João Calvino e a teologia missionária


Fora da igreja e entre estudiosos, para a surpresa de muitos que estão dentro da igreja, João Calvino frequentemente é visto com bons olhos. O gênio marxista, Leon Trotsky, que ajudou Lenin a criar a União Soviética a partir da Revolução Russa de 1917, afirmou que Karl Marx e João Calvino eram os dois maiores revolucionários em toda a história do Ocidente. Mas popularmente é comum depreciar a contribuição de Calvino, inclusive dentro da igreja, especialmente no que se trata da obra missionária. Não é raro pensar que João Calvino e o movimento que ele gerou não se interessaram pela obra missionária e pouco contribuiram para a reflexão missiológica hoje.
No início do século, o historiador da missão da igreja, o alemão Gustav Werneck, por exemplo, afirmou: “nós perdemos com os Reformadores não apenas a ação missionária, mas mesmo a ideia de missões… [em parte] porque perspectivas teológicas fundamentais deles evitaram que dessem a suas atividades, e mesmo a seus pensamentos, uma direção missionária”1.

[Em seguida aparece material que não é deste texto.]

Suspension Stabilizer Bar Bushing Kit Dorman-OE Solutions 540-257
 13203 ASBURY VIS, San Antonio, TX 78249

Entretanto, muito pelo contrário e mesmo com toda a preocupação pela reforma da igreja na Europa, João Calvino contribuiu não só para o movimento missionário em si como também para a reflexão missionária que nutre o bom empenho missionário até os dias de hoje. Ele enviou centenas de missionários por toda a Europa e até ao Brasil. Não é um exagero atribuir-lhe o título de “pai da pensamento missionário protestante”.
Hoje queremos considerar a contribuição de João Calvino para a teologia de missão. No próximo artigo veremos a sua contribuição à ação missionária.
A teologia de missão
João Calvino não escreveu nenhuma “teologia de missão” ou reflexão a respeito da “missão” de Deus ou a “missão” da igreja. E nem podia. Afinal de contas até o século 16, a palavra “missão” era reservada para se referir à relação da trindade: a missão do Filho como o enviado do Pai e a missão do Espírito Santo como o enviado do Filho e do Pai2. Mas muito mais importante que isto, Calvino estabeleceu as bases bíblicas e teológicas para falar do papel da igreja na transformação da sociedade, e não apenas em termos locais, mas também em termos globais.

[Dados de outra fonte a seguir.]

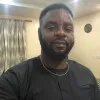 Peter Okolo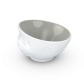 Thumb_T025133_Schale_Zuversichtlich_500ml_innen_farbig_Stein_0003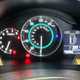 Suzuki Ignis SUV (17-25) 1.2 Dualjet Hybrd SZ-T 5d For Sale - HPL Motors Preston, Preston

1.  “Missio Dei et missio Christi”. Fundamentalmente Calvino estabeleceu a base cristocêntrica e teocêntrica da missão. E deu forte apoio à evangelização através dos seus comentários. Calvino entendeu que, por meio de Cristo, Deus está atualmente reinando no nosso mundo. Veja, por exemplo, alguns dos seus comentários da Bíblia:
a) acerca de Isaías 2.4:
“a diferença entre o Reino de Davi, que era apenas uma sombra, e este outro Reino ... [é que] ... pela vinda de Cristo, [Deus] começou a reinar … na pessoa de seu Filho unigênito”.
b) acerca de Isaías 12.4-5:
“Esta exortação, pela qual os judeus testemunharam a sua gratidão, deve ser considerada o percursor da proclamação do evangelho, que depois seguiu na ordem certa. Como os judeus proclamaram entre os medos e os persas, e as outras nações vizinhas, o favor que era demonstrado para eles, assim, quando Cristo se manifestou, eles deveriam ter sido arautos para ressoar em alta voz o nome de Deus através de cada país do mundo. Portanto, é evidente qual seja o desejo que deve ser o tesouro de todos os piedosos. É que a bondade de Deus seja conhecida por todo e que todos se reunam no mesmo culto a Deus. Nós devemos ser especialmente possuídos deste desejo, depois de sermos libertos de algum perigo alarmante, e acima de tudo, depois de ter sido libertos da tirania do diabo e da morte eterna”.
c) acerca do Salmo 22.8:
“esta passagem, não tenho dúvidas, concorda com muitas outras profecias que representam o trono de Deus erguido, no qual Cristo pode assentar-se para comandar e governar o mundo”.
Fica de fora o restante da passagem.